Starting at the line that contains "GROVELAND LAKE DOT LANDING SUB - Residential" and ending at the line that contains "New Country Navy", the lines below are to be given again exactly, with nothing added.

*Items listed in a dataset*:
-----
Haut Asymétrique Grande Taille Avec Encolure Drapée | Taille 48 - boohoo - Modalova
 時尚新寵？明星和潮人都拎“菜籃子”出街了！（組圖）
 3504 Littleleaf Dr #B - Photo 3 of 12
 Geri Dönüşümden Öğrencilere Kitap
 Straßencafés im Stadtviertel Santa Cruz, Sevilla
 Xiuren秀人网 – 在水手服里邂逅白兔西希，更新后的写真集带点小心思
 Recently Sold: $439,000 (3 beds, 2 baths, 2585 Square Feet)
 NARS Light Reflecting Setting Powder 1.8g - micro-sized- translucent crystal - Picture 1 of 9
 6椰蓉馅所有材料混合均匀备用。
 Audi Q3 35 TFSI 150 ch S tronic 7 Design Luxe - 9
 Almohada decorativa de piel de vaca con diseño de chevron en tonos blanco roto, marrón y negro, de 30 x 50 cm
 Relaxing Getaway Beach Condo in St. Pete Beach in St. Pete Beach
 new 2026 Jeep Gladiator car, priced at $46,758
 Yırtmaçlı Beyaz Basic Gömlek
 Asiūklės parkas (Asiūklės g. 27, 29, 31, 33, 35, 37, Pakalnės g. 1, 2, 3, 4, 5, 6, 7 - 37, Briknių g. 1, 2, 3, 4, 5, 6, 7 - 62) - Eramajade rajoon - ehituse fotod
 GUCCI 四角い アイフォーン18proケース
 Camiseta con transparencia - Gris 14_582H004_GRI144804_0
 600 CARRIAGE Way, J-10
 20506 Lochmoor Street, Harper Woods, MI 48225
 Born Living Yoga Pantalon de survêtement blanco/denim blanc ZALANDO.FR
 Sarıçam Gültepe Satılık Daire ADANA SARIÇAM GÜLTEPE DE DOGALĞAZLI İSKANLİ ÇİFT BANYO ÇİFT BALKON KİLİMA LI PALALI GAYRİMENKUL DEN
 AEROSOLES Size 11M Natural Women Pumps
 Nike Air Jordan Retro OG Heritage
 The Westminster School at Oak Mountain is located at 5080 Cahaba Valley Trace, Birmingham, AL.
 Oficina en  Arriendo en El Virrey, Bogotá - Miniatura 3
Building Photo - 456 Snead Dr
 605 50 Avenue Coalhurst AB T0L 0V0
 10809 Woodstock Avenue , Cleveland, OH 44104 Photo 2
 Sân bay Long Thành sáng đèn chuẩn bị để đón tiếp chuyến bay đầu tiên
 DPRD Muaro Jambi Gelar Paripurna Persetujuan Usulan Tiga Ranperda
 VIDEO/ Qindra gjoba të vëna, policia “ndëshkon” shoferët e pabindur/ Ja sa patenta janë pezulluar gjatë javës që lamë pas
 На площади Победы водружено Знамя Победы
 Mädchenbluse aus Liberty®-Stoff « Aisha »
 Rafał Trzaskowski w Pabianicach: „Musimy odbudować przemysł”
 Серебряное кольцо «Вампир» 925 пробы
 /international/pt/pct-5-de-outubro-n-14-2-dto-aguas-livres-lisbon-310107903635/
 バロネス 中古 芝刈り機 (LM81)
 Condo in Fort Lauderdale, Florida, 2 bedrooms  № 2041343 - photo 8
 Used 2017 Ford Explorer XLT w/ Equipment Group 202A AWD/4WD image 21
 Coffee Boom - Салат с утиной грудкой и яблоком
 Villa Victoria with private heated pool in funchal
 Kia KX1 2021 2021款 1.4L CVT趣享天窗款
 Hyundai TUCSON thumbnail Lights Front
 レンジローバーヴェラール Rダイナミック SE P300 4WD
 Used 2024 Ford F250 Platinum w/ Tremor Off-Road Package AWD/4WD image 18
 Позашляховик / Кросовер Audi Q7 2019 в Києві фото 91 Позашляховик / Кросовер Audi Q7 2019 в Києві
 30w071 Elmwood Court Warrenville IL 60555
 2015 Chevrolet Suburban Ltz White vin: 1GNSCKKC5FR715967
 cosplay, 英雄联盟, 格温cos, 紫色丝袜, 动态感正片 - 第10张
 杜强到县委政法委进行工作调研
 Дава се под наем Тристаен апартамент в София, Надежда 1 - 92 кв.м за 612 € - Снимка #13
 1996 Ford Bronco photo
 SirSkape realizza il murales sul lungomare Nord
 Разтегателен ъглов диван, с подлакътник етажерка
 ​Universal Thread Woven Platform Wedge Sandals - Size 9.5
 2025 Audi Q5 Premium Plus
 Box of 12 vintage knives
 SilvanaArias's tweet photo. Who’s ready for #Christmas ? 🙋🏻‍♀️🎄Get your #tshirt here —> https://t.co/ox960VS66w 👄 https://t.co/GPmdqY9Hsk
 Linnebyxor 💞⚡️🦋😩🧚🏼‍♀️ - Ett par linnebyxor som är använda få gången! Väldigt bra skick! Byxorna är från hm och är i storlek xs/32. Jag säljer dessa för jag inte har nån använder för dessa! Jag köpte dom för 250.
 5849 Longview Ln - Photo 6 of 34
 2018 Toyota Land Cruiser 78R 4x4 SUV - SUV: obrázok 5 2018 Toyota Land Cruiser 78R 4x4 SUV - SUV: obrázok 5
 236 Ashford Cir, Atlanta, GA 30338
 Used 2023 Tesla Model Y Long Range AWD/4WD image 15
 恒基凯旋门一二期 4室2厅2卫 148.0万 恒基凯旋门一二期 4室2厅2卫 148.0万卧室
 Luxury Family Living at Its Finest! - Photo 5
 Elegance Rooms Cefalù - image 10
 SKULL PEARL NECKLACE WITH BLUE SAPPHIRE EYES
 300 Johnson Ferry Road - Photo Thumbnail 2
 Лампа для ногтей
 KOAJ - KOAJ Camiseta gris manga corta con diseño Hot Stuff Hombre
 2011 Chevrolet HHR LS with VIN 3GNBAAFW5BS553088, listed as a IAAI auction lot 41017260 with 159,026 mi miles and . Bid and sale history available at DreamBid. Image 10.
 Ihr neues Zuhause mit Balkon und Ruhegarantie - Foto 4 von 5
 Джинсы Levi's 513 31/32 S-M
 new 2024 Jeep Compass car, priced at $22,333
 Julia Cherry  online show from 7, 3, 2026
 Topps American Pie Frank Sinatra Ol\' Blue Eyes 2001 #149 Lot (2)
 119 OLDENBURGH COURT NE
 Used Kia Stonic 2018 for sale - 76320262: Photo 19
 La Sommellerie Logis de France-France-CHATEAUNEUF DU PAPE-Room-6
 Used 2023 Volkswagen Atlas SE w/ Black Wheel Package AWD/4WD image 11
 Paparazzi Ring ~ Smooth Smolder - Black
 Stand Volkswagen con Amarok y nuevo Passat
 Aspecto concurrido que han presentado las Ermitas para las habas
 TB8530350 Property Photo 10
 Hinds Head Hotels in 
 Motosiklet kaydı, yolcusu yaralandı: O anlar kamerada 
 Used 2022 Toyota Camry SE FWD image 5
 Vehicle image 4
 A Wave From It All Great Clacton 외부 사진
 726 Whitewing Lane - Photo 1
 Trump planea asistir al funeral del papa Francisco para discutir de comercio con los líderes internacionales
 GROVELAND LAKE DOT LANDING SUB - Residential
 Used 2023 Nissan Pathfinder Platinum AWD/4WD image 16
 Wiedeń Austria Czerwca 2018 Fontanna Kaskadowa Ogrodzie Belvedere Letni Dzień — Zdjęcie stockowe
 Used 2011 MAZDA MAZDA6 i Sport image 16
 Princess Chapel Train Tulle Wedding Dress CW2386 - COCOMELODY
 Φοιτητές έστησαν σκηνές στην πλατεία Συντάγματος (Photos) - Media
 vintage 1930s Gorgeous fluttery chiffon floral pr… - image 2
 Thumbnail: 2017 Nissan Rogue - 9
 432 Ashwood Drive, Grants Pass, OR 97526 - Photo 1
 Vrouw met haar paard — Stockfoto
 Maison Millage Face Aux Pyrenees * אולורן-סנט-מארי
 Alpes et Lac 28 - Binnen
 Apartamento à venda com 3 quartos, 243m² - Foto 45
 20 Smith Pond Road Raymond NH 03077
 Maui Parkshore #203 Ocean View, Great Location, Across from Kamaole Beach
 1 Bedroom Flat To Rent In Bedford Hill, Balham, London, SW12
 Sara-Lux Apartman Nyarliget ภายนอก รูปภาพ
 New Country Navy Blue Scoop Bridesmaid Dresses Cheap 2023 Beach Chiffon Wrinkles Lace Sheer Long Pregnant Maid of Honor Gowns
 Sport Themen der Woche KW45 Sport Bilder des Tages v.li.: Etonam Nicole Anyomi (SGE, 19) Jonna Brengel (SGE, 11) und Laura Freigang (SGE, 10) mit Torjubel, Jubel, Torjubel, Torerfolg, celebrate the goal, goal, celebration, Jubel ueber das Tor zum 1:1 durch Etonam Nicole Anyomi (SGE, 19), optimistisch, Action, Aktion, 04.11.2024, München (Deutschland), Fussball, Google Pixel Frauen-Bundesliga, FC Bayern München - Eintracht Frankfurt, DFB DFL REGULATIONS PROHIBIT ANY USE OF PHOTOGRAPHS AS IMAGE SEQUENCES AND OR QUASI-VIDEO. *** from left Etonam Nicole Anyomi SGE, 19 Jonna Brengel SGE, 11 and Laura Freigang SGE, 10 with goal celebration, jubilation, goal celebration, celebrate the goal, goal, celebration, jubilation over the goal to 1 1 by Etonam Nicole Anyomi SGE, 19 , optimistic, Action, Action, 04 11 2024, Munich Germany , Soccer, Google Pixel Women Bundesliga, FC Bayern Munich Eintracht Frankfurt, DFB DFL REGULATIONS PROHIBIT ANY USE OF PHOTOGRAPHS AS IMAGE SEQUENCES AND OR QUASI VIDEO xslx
-----
*WRITTEN ANSWER*:
 GROVELAND LAKE DOT LANDING SUB - Residential
 Used 2023 Nissan Pathfinder Platinum AWD/4WD image 16
 Wiedeń Austria Czerwca 2018 Fontanna Kaskadowa Ogrodzie Belvedere Letni Dzień — Zdjęcie stockowe
 Used 2011 MAZDA MAZDA6 i Sport image 16
 Princess Chapel Train Tulle Wedding Dress CW2386 - COCOMELODY
 Φοιτητές έστησαν σκηνές στην πλατεία Συντάγματος (Photos) - Media
 vintage 1930s Gorgeous fluttery chiffon floral pr… - image 2
 Thumbnail: 2017 Nissan Rogue - 9
 432 Ashwood Drive, Grants Pass, OR 97526 - Photo 1
 Vrouw met haar paard — Stockfoto
 Maison Millage Face Aux Pyrenees * אולורן-סנט-מארי
 Alpes et Lac 28 - Binnen
 Apartamento à venda com 3 quartos, 243m² - Foto 45
 20 Smith Pond Road Raymond NH 03077
 Maui Parkshore #203 Ocean View, Great Location, Across from Kamaole Beach
 1 Bedroom Flat To Rent In Bedford Hill, Balham, London, SW12
 Sara-Lux Apartman Nyarliget ภายนอก รูปภาพ
 New Country Navy Blue Scoop Bridesmaid Dresses Cheap 2023 Beach Chiffon Wrinkles Lace Sheer Long Pregnant Maid of Honor Gowns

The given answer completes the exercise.